Florida's legislative reform of workers' compensation insurance, as well as
certain market factors, have resulted in increased competition in this service
sector. In response to the increased competition, the Company has offered
value-added services that enabled it to maintain 1994 fee revenues at a level
consistent with that recognized in 1993. For the past several years, service fee
revenues have ranged from 10.0% to 11.1% of total commissions and fees.
 
     Investment income consists principally of gains and losses from sales of
investments of primarily fixed-income securities (other than the Company's
investment in Rock-Tenn Company ["Rock-Tenn"]), as well as interest earnings on
premiums and advance premiums collected and not immediately remitted to
insurance carriers. The Company's policy is to invest its funds in high-quality,
fixed-income investment securities.
 
     Effective January 1, 1994, the Company adopted Statement of Financial
Accounting Standards No. 115, "Accounting for Certain Investments in Debt and
Equity Securities." Under these new rules, debt securities that the Company has
both the positive intent and ability to hold to maturity would be classified as
"held-to-maturity" securities and would be reported at amortized cost.

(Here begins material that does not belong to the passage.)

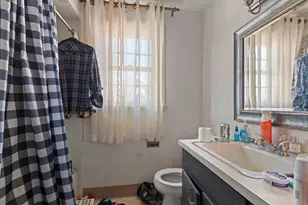 1312 S Riverdale Dr, Appleton, WI 54914 - Photo 19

Marketable equity securities and debt securities not classified as
held-to-maturity are classified as "available-for-sale." Available-for-sale
securities are reported at fair value, with unrealized gains and losses, net of
tax, reported as a separate component of shareholders' equity. Application of
these new rules resulted in a net increase of $5,341,000 and $5,304,000 in
shareholders' equity as of December 31, 1994 and June 30, 1995, respectively,
relating principally to the 509,064 shares of Rock-Tenn owned by the Company.
 
     Insurance premiums are established by insurance companies based upon many
factors, none of which is controlled by the Company. Beginning in 1986 and
continuing into 1995, revenues have been adversely influenced by a consistent
decline in premium rates resulting from intense competition among property and
casualty insurers for market share.
 
     The Company's revenues have continued to grow through initiatives to
generate new business and through development of new products, markets and
services. Coupled with this revenue growth, expenses were curtailed in 1994,
primarily as a result of operational efficiencies realized from the Merger, as
well as significant repayments of debt, which have reduced interest expense.
 
     Effective March 1, 1995, the Company acquired Insurance West by merger.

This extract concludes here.